Provided material
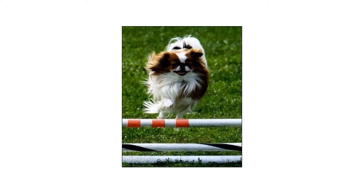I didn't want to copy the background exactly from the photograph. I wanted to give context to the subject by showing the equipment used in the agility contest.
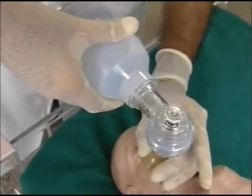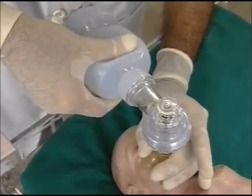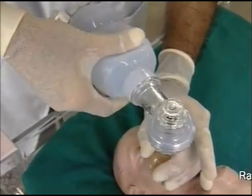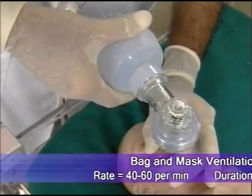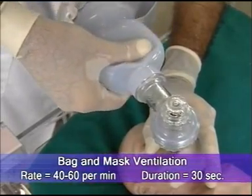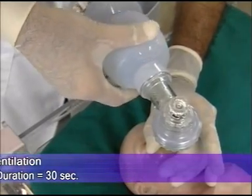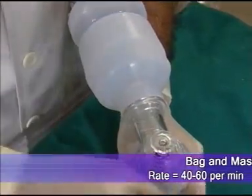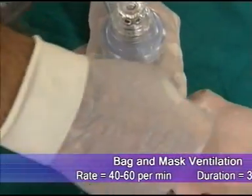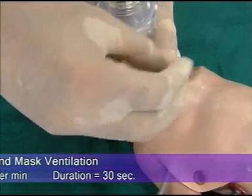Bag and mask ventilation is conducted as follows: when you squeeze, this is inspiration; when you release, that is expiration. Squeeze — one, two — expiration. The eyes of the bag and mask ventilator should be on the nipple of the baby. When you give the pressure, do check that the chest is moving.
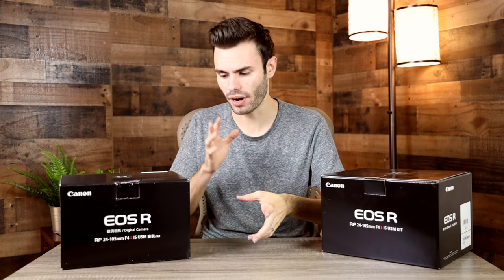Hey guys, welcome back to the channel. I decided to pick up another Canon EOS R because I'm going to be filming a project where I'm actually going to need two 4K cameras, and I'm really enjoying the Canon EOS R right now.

What the exercise asks
Output all the data, exactly, without images.

Output for this task
I didn't want to copy the background exactly from the photograph. I wanted to give context to the subject by showing the equipment used in the agility contest.
Bag and mask ventilation is conducted as follows: when you squeeze, this is inspiration; when you release, that is expiration. Squeeze — one, two — expiration. The eyes of the bag and mask ventilator should be on the nipple of the baby. When you give the pressure, do check that the chest is moving.
Hey guys, welcome back to the channel. I decided to pick up another Canon EOS R because I'm going to be filming a project where I'm actually going to need two 4K cameras, and I'm really enjoying the Canon EOS R right now.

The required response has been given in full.